A camp for internally displaced persons in Juba, South Sudan (Source: UN Photo/Isaac Bill).
Donation to Nigerian correctional services medium-security custodial center -Uyo, Nigeria (Source: Vanguard Newspaper, Nigeria).
Leaving the homeless behind in the fight against the current pandemic poses a great danger to all. Although the incorporation of proper care for the homeless has been a challenge globally at this time. However, countries like South Africa initially used stadia and later moved homeless people to parks (Fig. 3) to prevent the spread of COVID-19 and also provided access for screening and testing. However, it is challenging to maintain social distancing and basic hygiene in these premises, while many other African countries have been silent about the needs of the homeless since the virus battle began, despite the closure of towns and cities.

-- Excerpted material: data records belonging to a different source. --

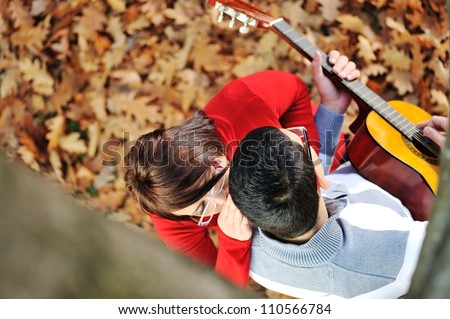 Portrait of love couple playing guitar in park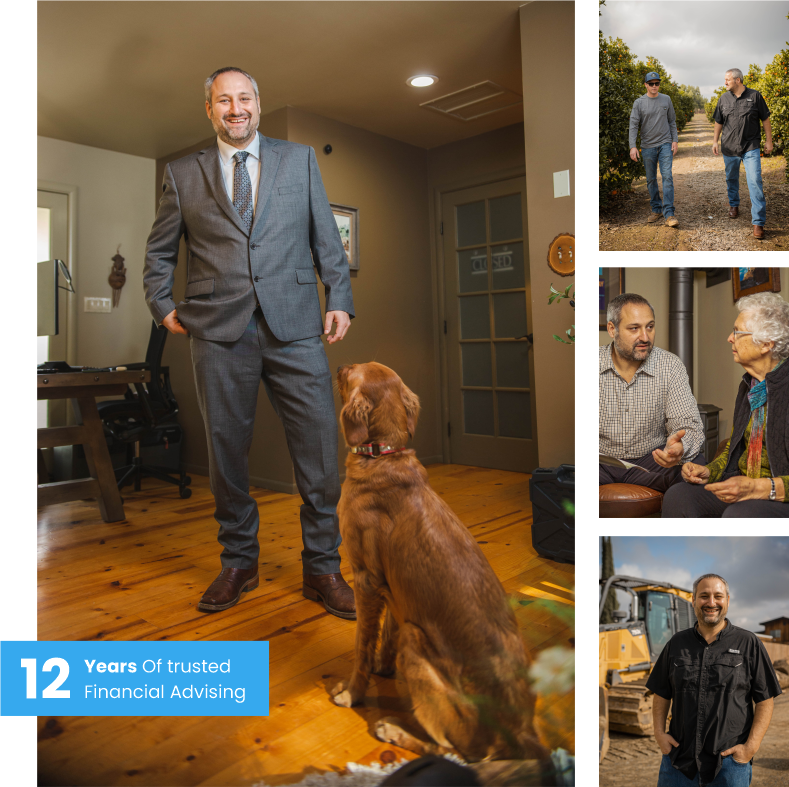 A man in a gray suit and tie smiling at a golden retriever sitting on a wooden floor inside a house.
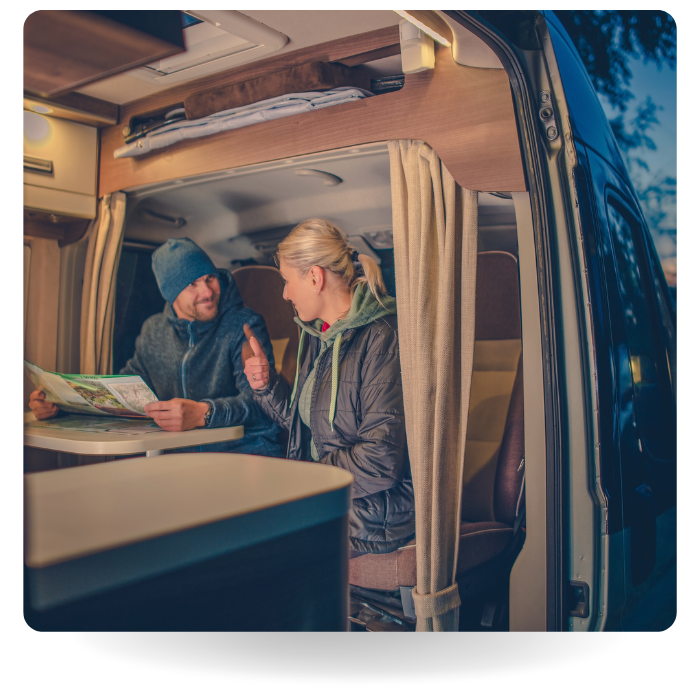 couple camping in an RV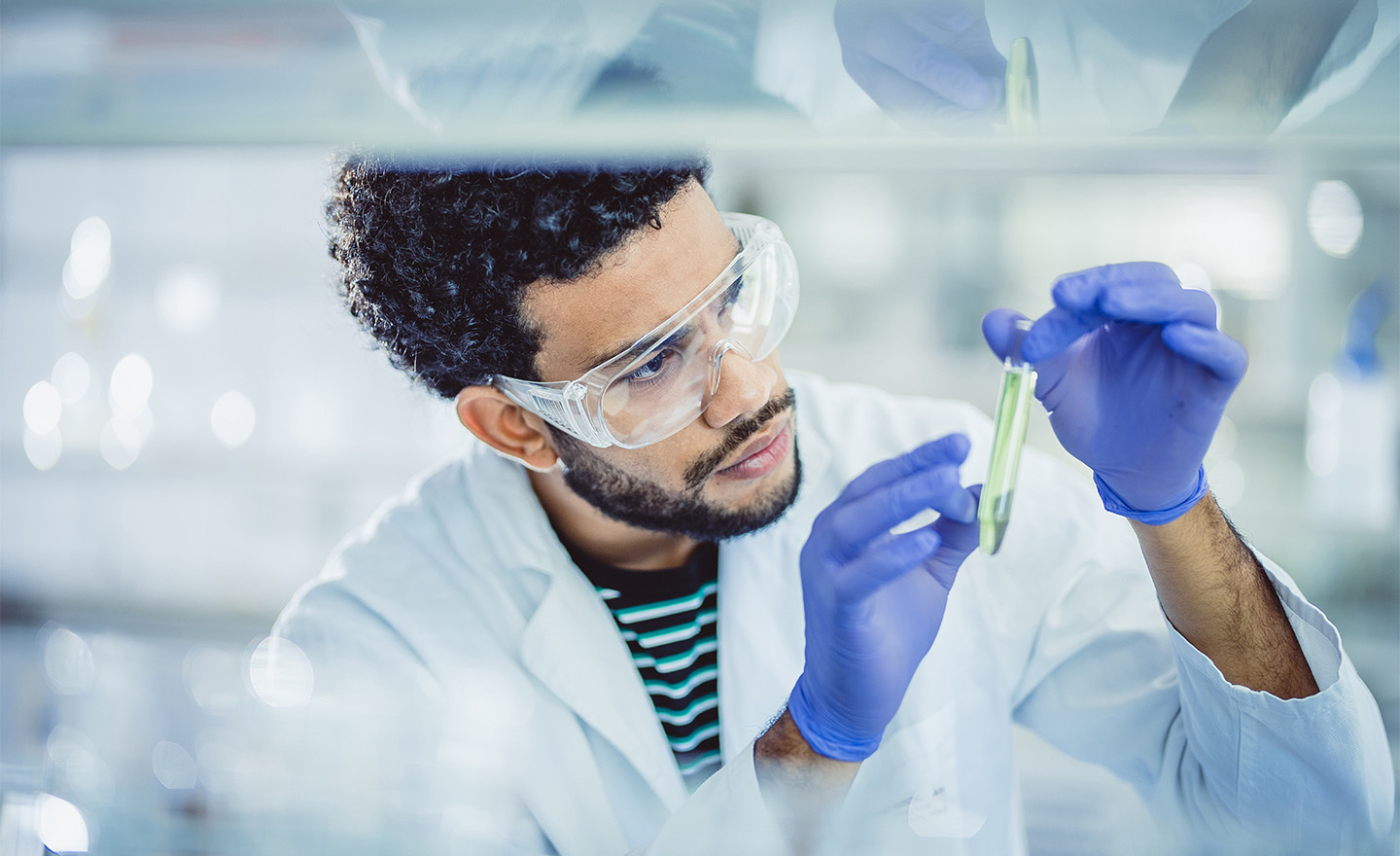 Scientist with test tubes in a lab, representing efficacy studies which are reviewed in a pesticide scoping document | Sagentia Regulatory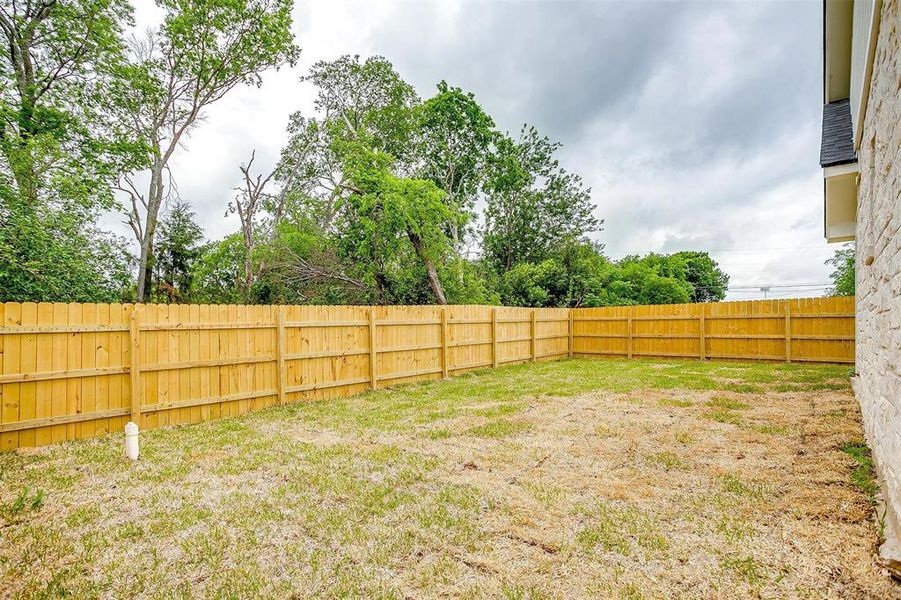 View of yard featuring a fenced backyard View of yard featuring a fenced backyard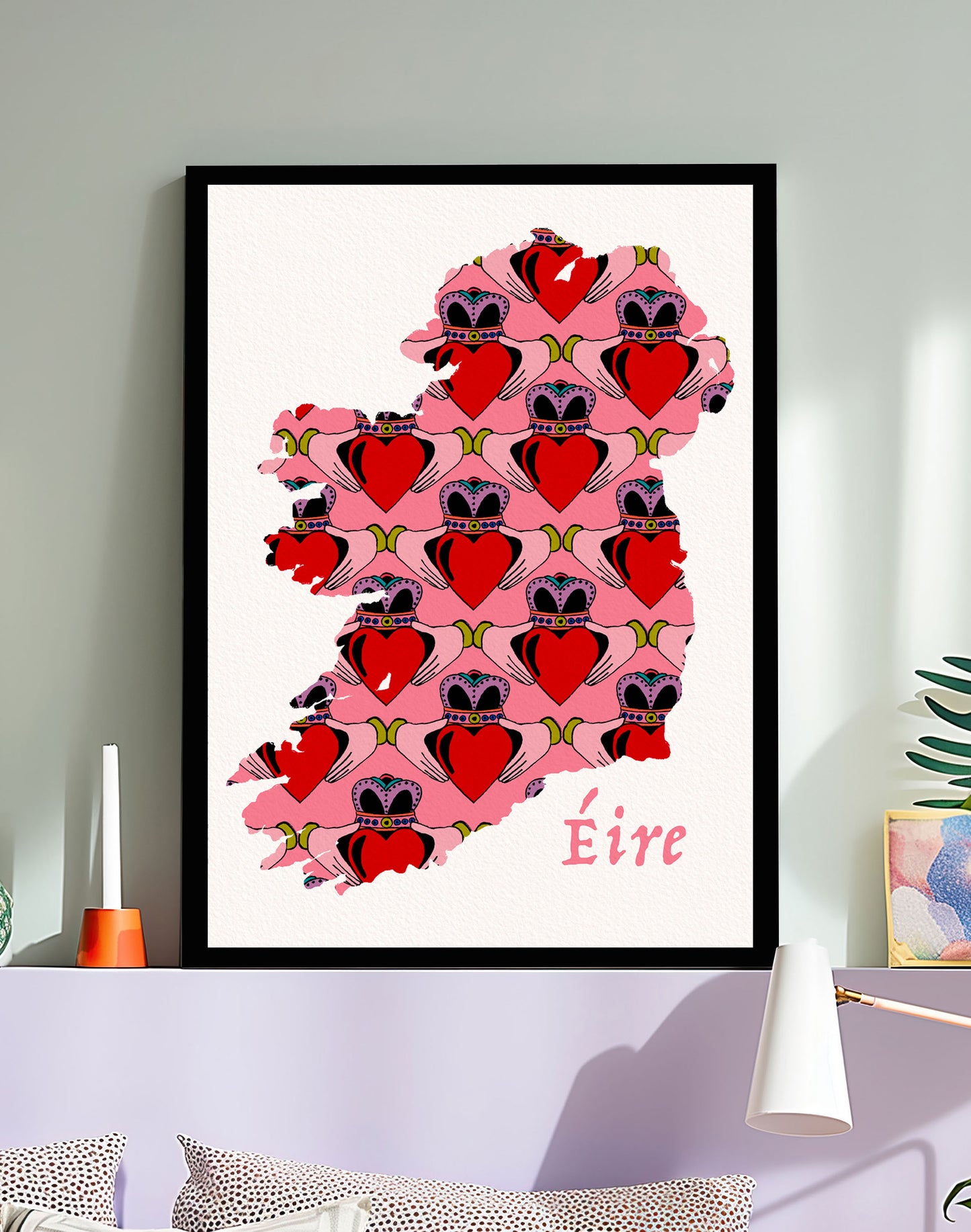 Framed artwork of a map of Ireland with  Claddagh hearts and 'Eire' text on a wall.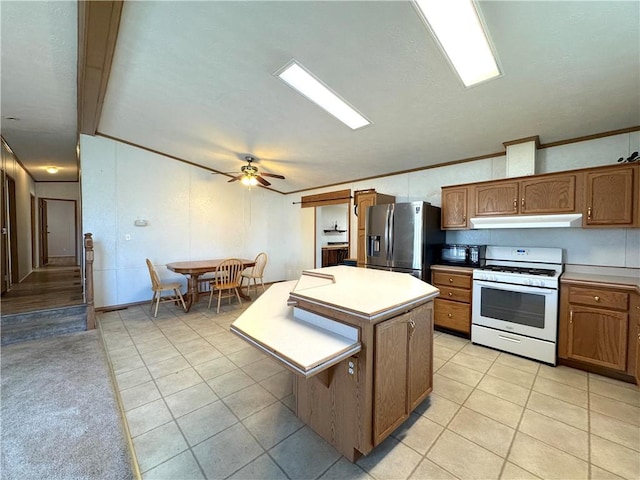 kitchen with under cabinet range hood, a center island, stainless steel refrigerator with ice dispenser, white gas range oven, and brown cabinets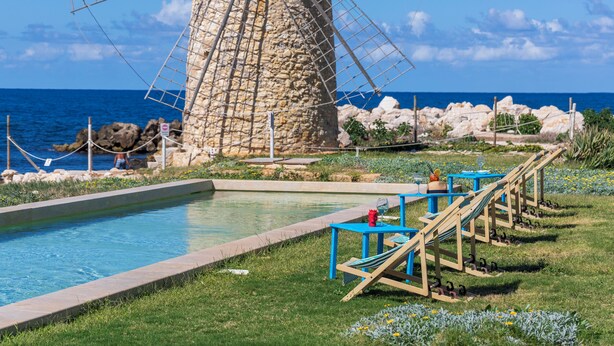 Un molino con piscina y sillas de descanso en un entorno soleado al aire libre.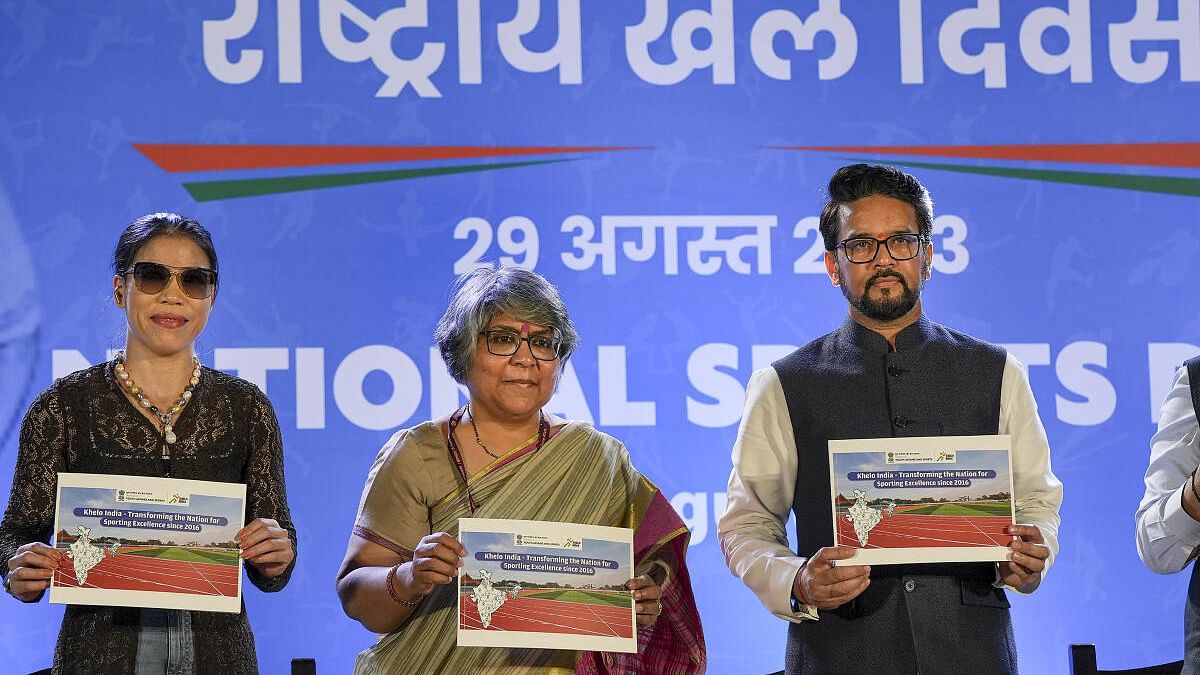 <div class="paragraphs"><p>Union Minister of Youth Affairs and Sports Anurag Singh Thakur with Sports Secretary Sujata Chaturvedi and boxer Mary Kom releases a publication during the National Sports Day event at JLN Stadium in New Delhi, Tuesday, Aug. 29, 2023.</p></div>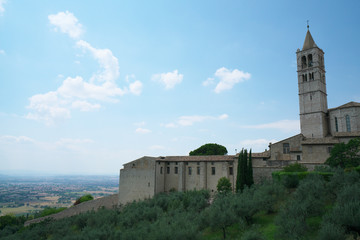 Fototapeta na wymiar Assisi,Italy-July 28, 2018: View of Basilica di Santa Chiara or Basilica of St. Clare from Borgo Aretino street, Assisi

Tents at the parking for the homeless in Cape Town, South Africa (Source: Eyewitness News).
United States, Holland and United Kingdom have reported infection among the inmates. In UK, 304 laboratory-confirmed cases and 15 deaths among prisoners and 5 among prison staff from COVID-19 as of the 1st May, 2020 with 1,783 “probable/possible” cases [8Coronavirus: More than 2,00 prisoners may have been infected, says PHE. https://www.bbc.com/news/uk-52449920]. The Government of California made a budget of $150 million to cater for 150,000 homeless, while England planned to spend 3.2 million pounds for similar purposes. In France, EUR 15 million being spent on food vouchers during the pandemic, while 5,500 hotel rooms were provided for the homeless as temporary shelters during the lockdown. This calls on African countries to provide such care as to how South Africa and other countries care for the homeless and inmates; by leveraging the limited resources available to provide welfare packages, to provide access to screening and testing for the homeless, inmates, internally displaced persons and refugees during this outbreak.
CONFLICT OF INTEREST
The authors declare no conflict of interest, financial or otherwise.